Re: [PATCH] [RFC] spaceman: physically move a regular inode

From: Dave Chinner <david@fromorbit.com>
To: "Darrick J. Wong" <darrick.wong@oracle.com>
Cc: linux-xfs@vger.kernel.org
Subject: Re: [PATCH] [RFC] spaceman: physically move a regular inode
Date: Wed, 11 Nov 2020 15:15:30 +1100	[thread overview]
Message-ID: <20201111041530.GK7391@dread.disaster.area> (raw)
In-Reply-To: <20201111012646.GO9695@magnolia>

On Tue, Nov 10, 2020 at 05:26:46PM -0800, Darrick J. Wong wrote:
> On Wed, Nov 11, 2020 at 09:59:24AM +1100, Dave Chinner wrote:
> > From: Dave Chinner <dchinner@redhat.com>
> > 
> > To be able to shrink a filesystem, we need to be able to physically
> > move an inode and all it's data and metadata from it's current
> > location to a new AG.  Add a command to spaceman to allow an inode
> > to be moved to a new AG.
> > 
> > This new command is not intended to be a perfect solution. I am not
> > trying to handle atomic movement of open files - this is intended to
> > be run as a maintenance operation on idle filesystem. If root
> > filesystems are the target, then this should be run via a rescue
> > environment that is not executing directly on the root fs. With
> > those caveats in place, we can do the entire inode move as a set of
> > non-destructive operations finalised by an atomic inode swap
> > without any needing special kernel support.
> > 
> > To ensure we move metadata such as BMBT blocks even if we don't need
> > to move data, we clone the data to a new inode that we've allocated
> 
> Very clever!
> 
> On a related topic, I had been thinking about how to manage relocations
> of shared extents without breaking the sharing.  If userspace had a way
> to query the refcounts of some arbitrary range of disk, it could iterate
> over the extents of the doomed AG in decreasing refcount order using the
> GETFSMAP data and FIDEDUPERANGE to safely reconnect shared blocks in the
> surviving parts of the filesystem.

I've not really thought about that. If the extent needs moving, I'm
just going to move it for now regardless of whether it breaks
sharing or not. Like I said, there's plenty of scope for future
improvements here...

Similarly, this move will currently break hardlinks, too. The plan
to fix that is part of the next bit I'm working on - finding the
paths to the inodes that have stuff that need moving. This will
record all the paths to the same inode, so when we go to move the
inode we first create N tmp hardlinks to the new inode and then
RENAME_EXCHANGE each of the hardlinks in turn. Then we can clean up
the old inode and all the tmp hardlinks...

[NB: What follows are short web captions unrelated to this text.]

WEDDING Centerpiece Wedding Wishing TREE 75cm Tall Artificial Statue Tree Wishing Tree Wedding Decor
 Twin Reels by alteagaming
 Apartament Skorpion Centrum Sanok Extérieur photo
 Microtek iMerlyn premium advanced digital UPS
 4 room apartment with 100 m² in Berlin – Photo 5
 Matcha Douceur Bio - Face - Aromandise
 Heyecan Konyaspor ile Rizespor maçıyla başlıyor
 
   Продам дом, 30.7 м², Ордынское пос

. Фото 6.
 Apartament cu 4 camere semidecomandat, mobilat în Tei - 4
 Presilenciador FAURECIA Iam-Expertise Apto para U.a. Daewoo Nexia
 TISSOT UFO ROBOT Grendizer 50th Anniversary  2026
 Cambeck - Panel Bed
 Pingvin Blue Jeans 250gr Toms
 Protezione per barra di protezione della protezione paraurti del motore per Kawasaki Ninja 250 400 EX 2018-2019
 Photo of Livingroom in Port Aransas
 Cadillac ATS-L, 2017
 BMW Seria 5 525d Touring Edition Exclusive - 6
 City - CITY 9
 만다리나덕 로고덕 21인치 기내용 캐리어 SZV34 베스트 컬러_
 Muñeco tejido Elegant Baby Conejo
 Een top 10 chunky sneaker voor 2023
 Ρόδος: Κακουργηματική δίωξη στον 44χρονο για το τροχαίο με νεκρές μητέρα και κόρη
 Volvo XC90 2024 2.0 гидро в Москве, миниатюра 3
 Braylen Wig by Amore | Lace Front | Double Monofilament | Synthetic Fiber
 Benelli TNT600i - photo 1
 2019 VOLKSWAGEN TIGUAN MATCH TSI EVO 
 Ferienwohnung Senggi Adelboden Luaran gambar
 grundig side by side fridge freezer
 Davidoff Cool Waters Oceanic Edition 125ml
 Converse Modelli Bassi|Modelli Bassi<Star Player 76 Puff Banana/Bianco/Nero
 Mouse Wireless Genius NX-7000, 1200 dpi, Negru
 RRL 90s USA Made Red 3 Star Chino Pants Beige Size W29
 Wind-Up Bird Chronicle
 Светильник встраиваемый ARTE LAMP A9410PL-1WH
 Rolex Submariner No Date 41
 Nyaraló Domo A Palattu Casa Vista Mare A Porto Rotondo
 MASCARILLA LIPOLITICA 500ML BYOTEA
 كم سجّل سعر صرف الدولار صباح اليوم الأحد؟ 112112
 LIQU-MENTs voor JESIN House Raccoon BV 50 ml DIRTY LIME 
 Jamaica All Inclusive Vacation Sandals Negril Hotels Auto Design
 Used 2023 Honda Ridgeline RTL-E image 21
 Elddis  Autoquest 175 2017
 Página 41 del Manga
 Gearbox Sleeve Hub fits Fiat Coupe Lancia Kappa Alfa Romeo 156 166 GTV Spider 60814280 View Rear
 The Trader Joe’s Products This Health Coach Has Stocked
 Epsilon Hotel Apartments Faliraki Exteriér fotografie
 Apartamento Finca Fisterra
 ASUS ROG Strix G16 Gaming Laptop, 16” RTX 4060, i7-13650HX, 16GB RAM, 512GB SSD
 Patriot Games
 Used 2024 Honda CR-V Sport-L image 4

I suspect it will be a lot more complex with shared extents....

> (Granted you can compute the refcounts from the GETFSMAP data...)
> 
> > in the destination AG. This will result in new bmbt blocks being
> > allocated in the new location even though the data is not copied.
> 
> I assume you (or maybe hsiangkao) have some means to prevent those
> bmbt/xattr blocks from being allocated in the bad AG?

I'm not caring about that here. I'm assuming that the allocation
policy that has been put in place before the inode move is run will
prevent it. As it is, I'm (ab)using inode64 allocation policy which
places inode data and metadata in the same AG as the inode to get it
to move data and metadata to the required place....

> > --- /dev/null
> > +++ b/spaceman/move_inode.c
> > @@ -0,0 +1,518 @@
> > +// SPDX-License-Identifier: GPL-2.0
> > +/*
> > + * Copyright (c) 2012 Red Hat, Inc.
> 
> 2012?  O ye halcyon days before the world caught fire...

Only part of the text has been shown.